СВ спектакле «Деменция» звучит вальс Штрауса, музыка, которая прочно, слишком прочно связана с Веной. А в фильме «Белый бог» использована Венгерская рапсодия Листа. Есть что-то, что связывает ваши последние работы с Австро-Венгрией Прекрасной эпохи?

Знаете, постоянно растущий список потерь, которые несет современное венгерское общество, не дает забыть о наследии Австро-Венгерской монархии. Но в данном случае меня больше привлекает не социально-исторический, а эстетический аспект. Драматическая тональность рапсодии Листа коренится в империи Габсбургов. Идиллический мир оперетт, столь популярный от «сладостных времен благословенных» до сих пор, — это праздник фальшивого счастья в жалкой реальности, покрытой густым слоем блестящего лака и порочной лжи. Зрители «Деменции» медленно перемещаются в ужасающую бездну реальности, ведомые напряжением между сладкими звуками музыки и неутешительной правдой.

СДа, на сцене — «праздник общей беды», как сформулировала когда-то группа Nautilus Pompilius. Но возвращаясь к академической музыке — вам в принципе интересна опера как средство общения с аудиторией? Ваша Иоханна, героиня одноименной киноантиутопии, тоже пела. И еще я читала про вашу постановку «Летучей мыши» в варшавском театре TR.

Опера — один из самых абстрактных сценических жанров. Эта абстрактность почти метафизического толка происходит из самой ее природы, когда сюжет возводится над повседневным опытом. Потому опера — не самый легкий жанр, но самый легкий способ оторвать публику с ее будничными проблемами от тривиальных клише.

СПочему в новом спектакле вы вернулись в госпиталь для душевнобольных? Больница была местом действия той же «Иоханны», и для фильма, я слышала, вы отыскали подлинные интерьеры психушки XIX века. Это такая разновидность вдохновения?

Да. Гений места — то, что сокрушает вас. Помимо желания и воли. Вы стоите там и буквально захлебываетесь чувствами. Как будто в истории о призраках: делаете осторожные шаги, следуя за духами прошлого. Или как в волшебной сказке, где игрушки оживают, чтобы провести ночь в другой реальности. А потом приходят кинематографисты, чтобы наконец рассказать всем одну из возможных историй, случившихся в этой палате. Вот почему.
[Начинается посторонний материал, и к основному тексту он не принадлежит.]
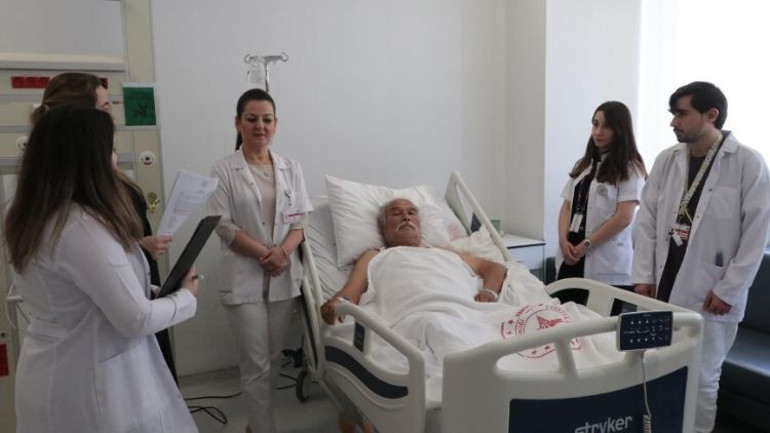 İnme geçirdi, altın saat dilimiyle hayata tutundu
СКак вы думаете, самоубийство по-прежнему один из основополагающих философских вопросов?

Скорее, драма человеческого существования остается одной из краеугольных проблем всего человеческого вида. Вопросы «как?», «следуя каким принципам?», «любой ли ценой?» и «есть ли предел?». Достоинство и свобода — только это имеет значение. Ваш суверенитет, то есть ваша независимость от всего, включая самые влиятельные и неохватные измерения. И трансцендентальное измерение тоже.
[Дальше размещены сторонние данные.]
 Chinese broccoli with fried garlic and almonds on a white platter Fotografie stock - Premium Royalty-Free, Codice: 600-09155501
СТрудно ли осуществлять независимые постановки в Венгрии? Улучшилась ли жизнь, после того как крупнейшая немецкая компания Match Factory занялась международной дистрибьюцией ваших фильмов?

Жаловаться на жизнь я точно не собираюсь. Искусство всегда независимо, и духовно, и морально. А процессы финансирования и прочие деловые моменты могут часто меняться. Да, бэкграунд творческого процесса всегда обусловлен бизнесом, и его толковым ведением я обязан Доре Буки (она курирует «Протон-театр») и Виктории Петраньи (она — «Протон-кино»), моим и творческим, и бизнес-партнерам по компании.

СМожно ли уподобить психически больных героев «Деменции» собакам из «Белого бога», другим отверженным?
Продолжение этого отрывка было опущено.